Kistler, the son of a shopkeeper, was born in the small town of Cedarville in the far northeastern corner of California. The family moved to the larger Santa Rosa when Kistler was 12, where he first became interested in chemistry.[1] When he entered the College of the Pacific in 1917, however, his plan was to learn to play the cello, then pursue a degree in agriculture. Instead, he ended up taking every science course available, and after three years he moved to Stanford University and obtained a B.A. in chemistry, followed by a chemical engineering degree. He never did learn to play the cello. After a brief spell working for the Standard Oil Company of California, he returned to academia, teaching chemistry at the College of the Pacific until 1931, when he transferred to the University of Illinois.

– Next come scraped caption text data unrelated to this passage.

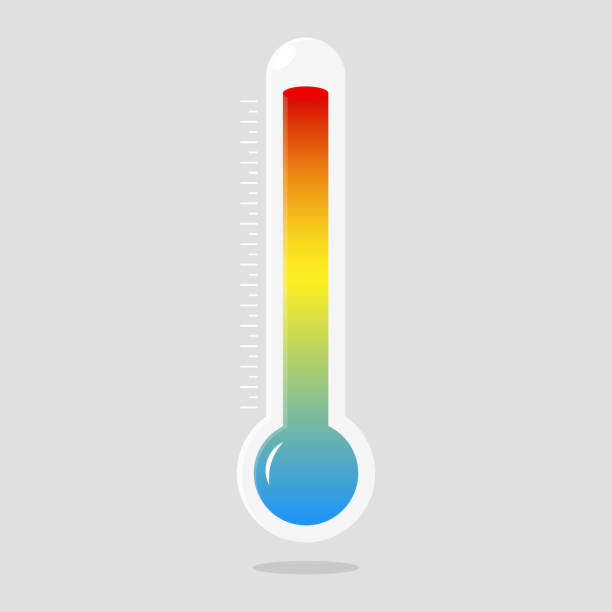 ikon termometer dengan zona yang berbeda. vektor - panas suhu ilustrasi stok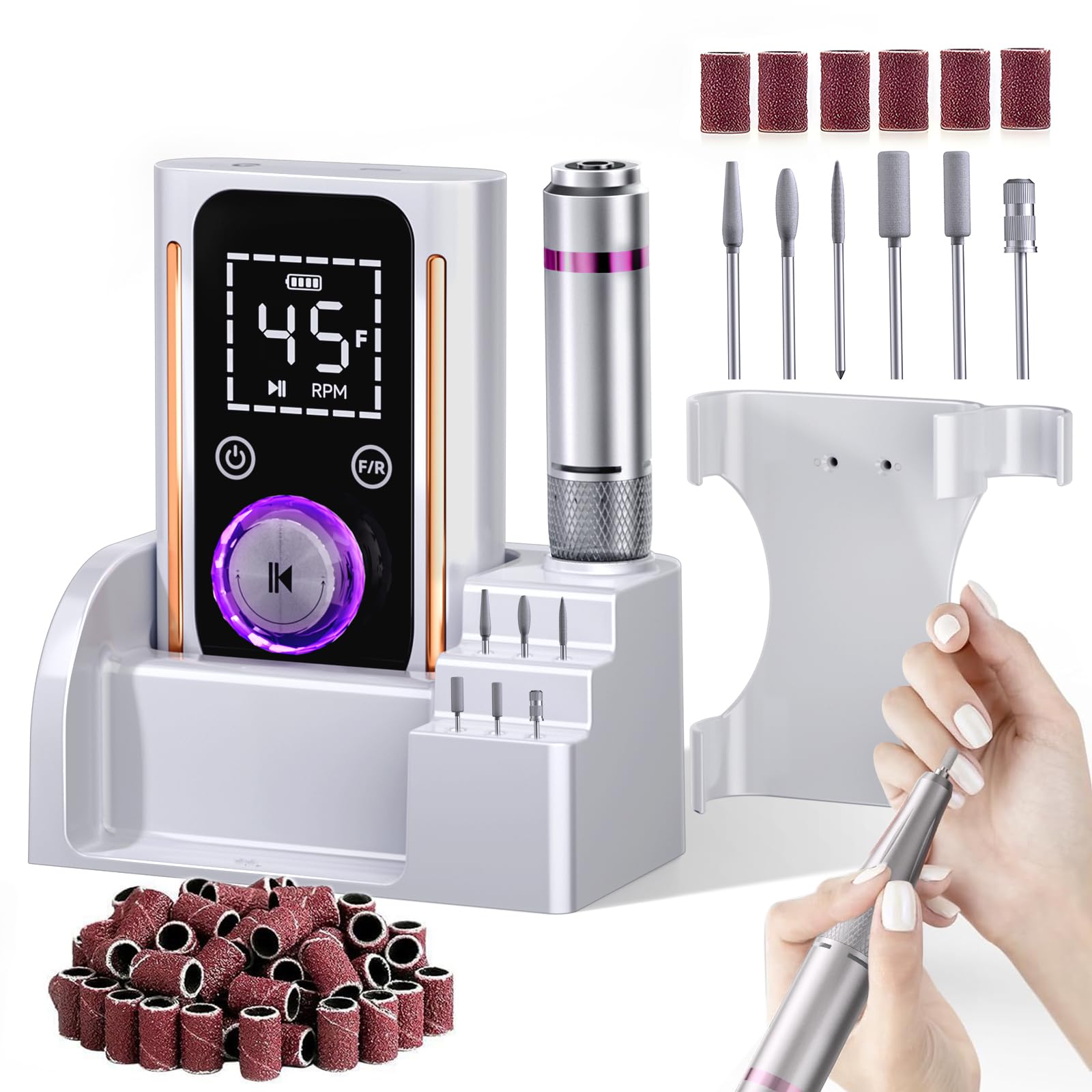 Puriom nail drill front view highlights compact portable design for on-the-go manicures.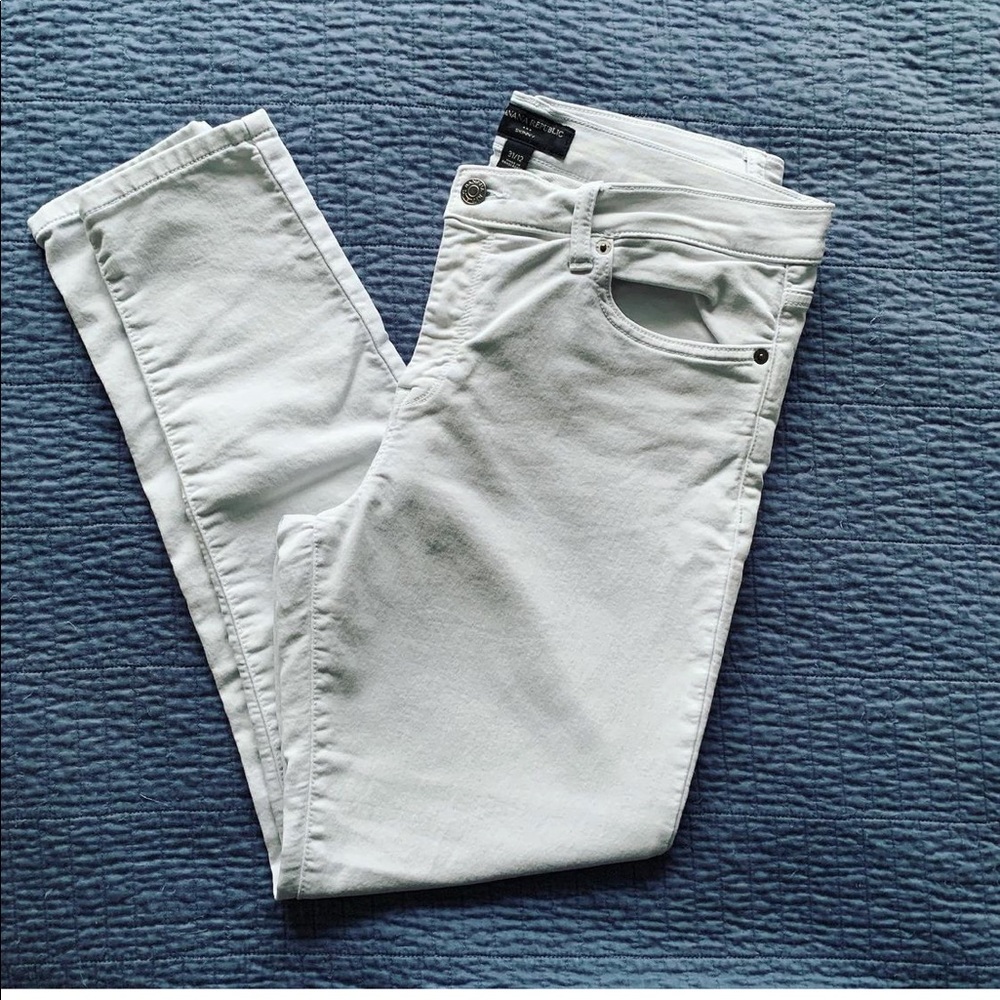 Banana Republic White Skinny Jean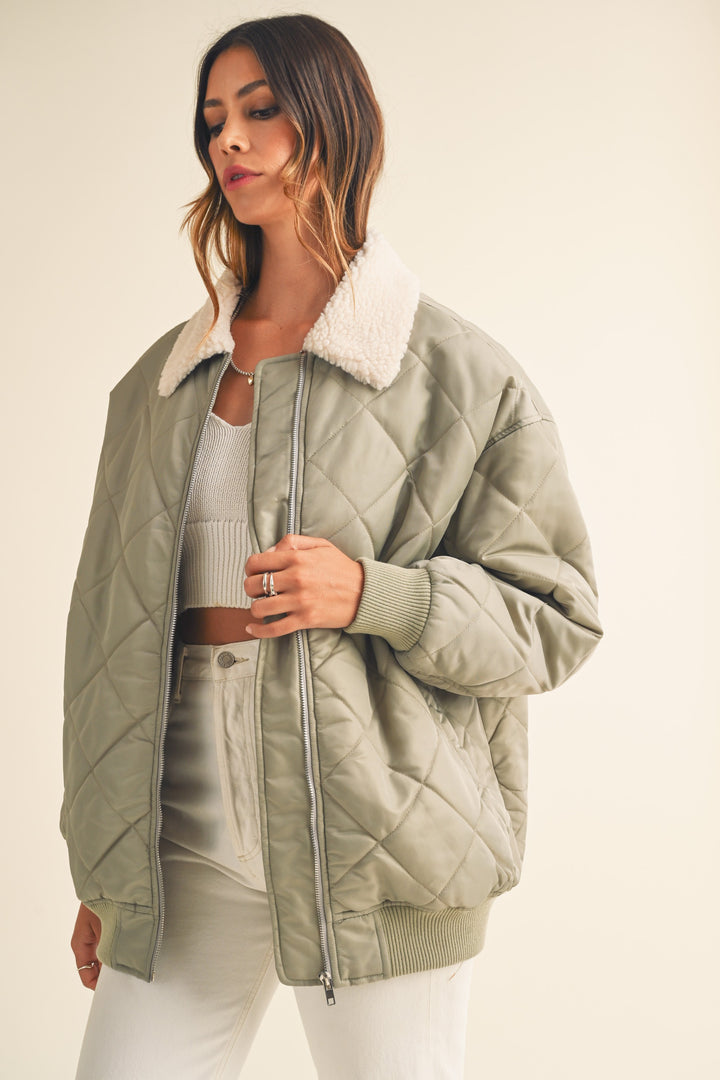 QUILTED SHERPA JACKET
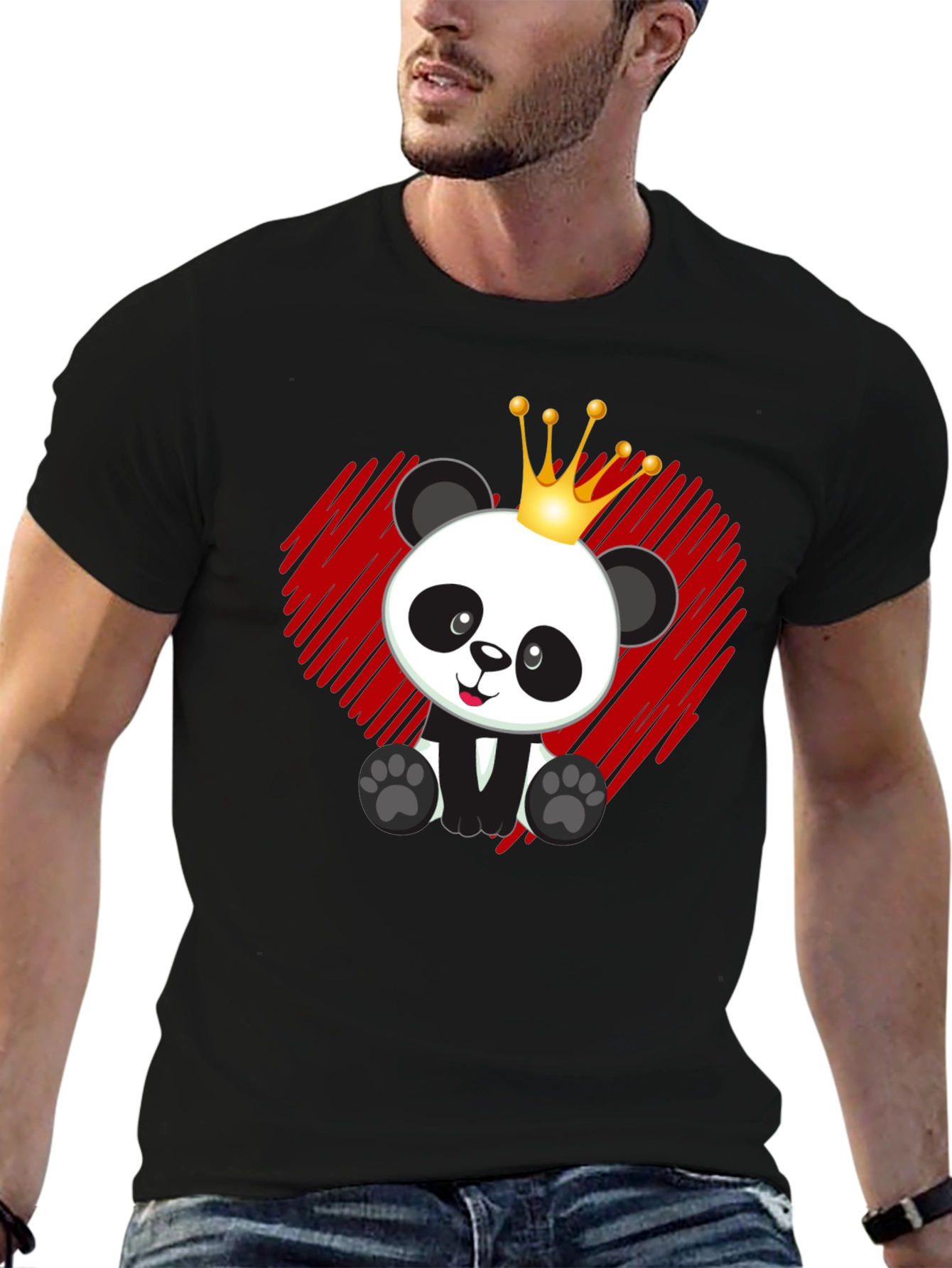 Black Panda King T-Shirt - Cute Bear Graphic Tee view 6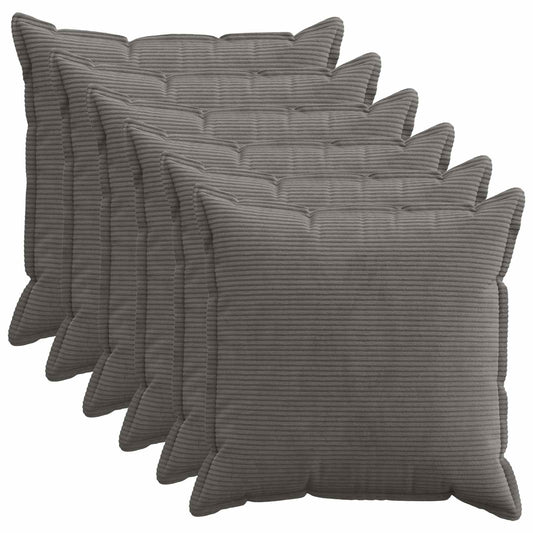Federa 6 pz HOUTEN Grigio Scuro 55 x 55 cm corduroy | homemem39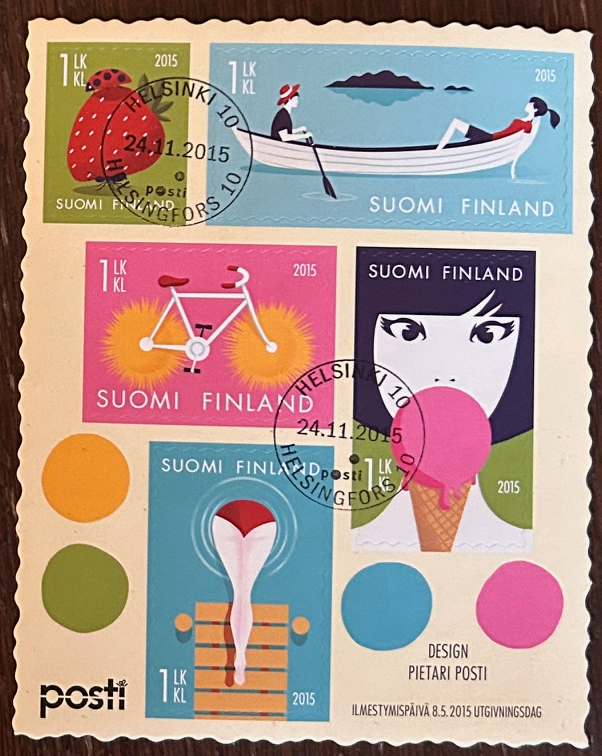 Finland Finnland Finlande 2015 Summer art Emotions set of 5 stamps in block CTO - Image 1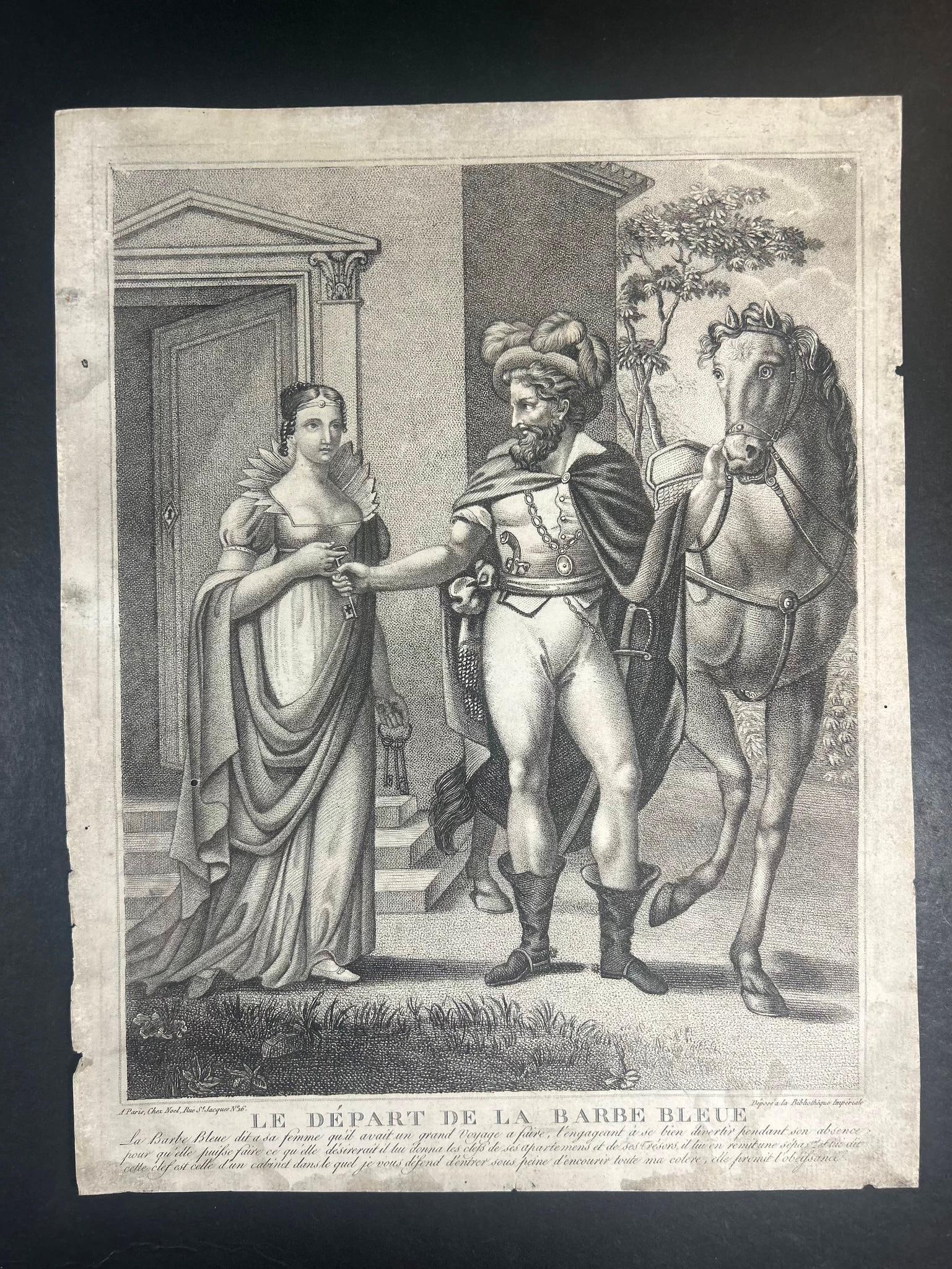'Le Depart de la Barbe Bleue' Copperplate Engraving: France, 17th/18th century. An intaglio engraving on lined paper, no watermarks present. Measures 10 x 12.5 inches.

The exact circumstances of the creation of the first aerogels are not well recorded. A popular story is that they resulted from a competition between Kistler and one Charles Learned "to see if they could replace the liquid inside of a jelly jar without causing any shrinkage".[2] Whether these experiments were performed at the College of the Pacific, still with limited facilities following the move in 1923 to the new Stockton campus, or at Stanford, where Kistler began pursuing a doctorate in 1927, is a source of some confusion. Either way, in 1931 Kistler published a paper in Nature (vol. 127, p. 741) titled "Coherent Expanded Aerogels and Jellies".
He left his teaching post at the University of Illinois in 1935 and signed a contract with Monsanto Company in the early 1940s to start developing granular silica aerogel products under the trademark Santocel. Largely used as a flattening agent in paints and for similar uses, the line was discontinued by Monsanto in 1970, probably due to the high cost of manufacture and competition from newer products. Kistler had returned to teaching, however, taking up a position as Dean of the University of Utah College of Engineering in 1952.
In 1962 Kistler published an innovative paper on a new way of chemical strengthening of the glass by replacing the smaller sodium ions with larger potassium ones by ion exchange.[3] The technology was further developed[4][5] and soon commercialized by Corning, and it's now used in Gorilla Glass and similar products.[6]
He died in Salt Lake City in November 1975, shortly before the resurgence of interest in aerogels caused by the discovery of a less time-consuming method of manufacture by researchers led by Stanislaus Teichner in France.